THE EARL OF LIMERICK
said, that one of the provisions of the Bill was that the coadjutor Bishop was to perform all the spiritual duties of the diocese at a remuneration of £2,000 a year. Now, if the work could be done for that sum, those who were agitating for an increase of the Episcopate would say that that increase could be easily effected by a redistribution of Episcopal revenues. Another objection he had to the Bill was that the coadjutor of either Archbishop, although the junior Bishop, would be placed at once above all the other Bishops of the province.
§ LORD LYTTELTON
hoped that, whatever was done, it would not be supposed that this Bill in any way touched the larger question of an increase of the Episcopate, the necessity for which, he trusted, would still be borne in mind.
§ THE DUKE OF SOMERSET
was understood to comment on those provisions of the Bill which relate to the payment to be made to a Bishop totally incapacitated for duty.
§ LORD REDESDALE
thought that on a matter of such importance they might give farther consideration to the subject, 147 and bring in a Bill free from the objections attending the present one.

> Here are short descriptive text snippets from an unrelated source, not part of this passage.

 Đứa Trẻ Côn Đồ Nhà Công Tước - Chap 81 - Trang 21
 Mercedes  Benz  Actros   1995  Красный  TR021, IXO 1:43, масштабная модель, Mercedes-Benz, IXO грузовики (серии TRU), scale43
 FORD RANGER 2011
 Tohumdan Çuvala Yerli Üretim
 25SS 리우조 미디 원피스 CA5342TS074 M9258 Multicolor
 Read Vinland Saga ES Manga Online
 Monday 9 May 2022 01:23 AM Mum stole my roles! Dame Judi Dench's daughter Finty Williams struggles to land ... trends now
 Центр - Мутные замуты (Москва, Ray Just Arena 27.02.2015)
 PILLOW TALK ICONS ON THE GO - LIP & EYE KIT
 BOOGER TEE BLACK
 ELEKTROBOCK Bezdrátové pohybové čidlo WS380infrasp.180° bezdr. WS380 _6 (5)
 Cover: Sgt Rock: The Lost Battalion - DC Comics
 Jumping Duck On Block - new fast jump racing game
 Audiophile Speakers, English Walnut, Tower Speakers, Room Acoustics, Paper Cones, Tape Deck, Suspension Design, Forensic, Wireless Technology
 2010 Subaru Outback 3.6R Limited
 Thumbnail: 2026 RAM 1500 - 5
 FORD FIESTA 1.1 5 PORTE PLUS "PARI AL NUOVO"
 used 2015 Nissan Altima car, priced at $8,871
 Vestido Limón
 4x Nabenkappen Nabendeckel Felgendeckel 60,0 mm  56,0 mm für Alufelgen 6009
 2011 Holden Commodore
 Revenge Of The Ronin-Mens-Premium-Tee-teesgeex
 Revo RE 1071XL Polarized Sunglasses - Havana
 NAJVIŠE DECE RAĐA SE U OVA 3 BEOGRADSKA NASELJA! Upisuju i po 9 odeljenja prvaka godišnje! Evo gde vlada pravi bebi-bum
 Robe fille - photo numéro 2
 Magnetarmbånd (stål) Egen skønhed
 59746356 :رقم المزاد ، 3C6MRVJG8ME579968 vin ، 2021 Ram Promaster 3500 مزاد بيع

THE ARCHBISHOP OF CANTERBURY
said, that every difficulty connected with so complicated a subject as this had been well weighed in the framing of this measure, which had been drawn by a skilful draftsman. It certainly was desirable that there should be the power of appointing an assistant or successor in the ease of a Bishop who was incapacitated from performing his duties, instead of the existing arrangement being continued. He did not believe that the arrangement respecting the emoluments provided by the Bill was open to the objection urged against it by the noble Earl. The emoluments were as nearly as possible divided between the outgoing and incoming Bishop; and though it was true in the case of a coadjutor being appointed the retiring Bishop received the larger share, yet it must be remembered that the maintenance of the episcopal residence devolved upon the retiring Bishop — who would also, no doubt, take considerable interest in the charities of the diocese. There were one or two further Amendments which he desired to see introduced. One of them, which was overlooked on the previous evening, was in the case of an Archbishop, whose strictly archiepiscopal duties ought not to devolve upon the coadjutor, but upon the Bishop senior in rank in the province—upon the Bishop of London in the case of the Archbishopric of Canterbury, and upon the Bishop of Durham in the case of the Archbishopric of York. With, the Amendments that he proposed he believed that the Bill would work well, and no one could deny that a strong necessity existed for some such measure.
§ Further Amendments made; Bill to be read 3a To-morrow; and to be printed as amended. (No. 201.)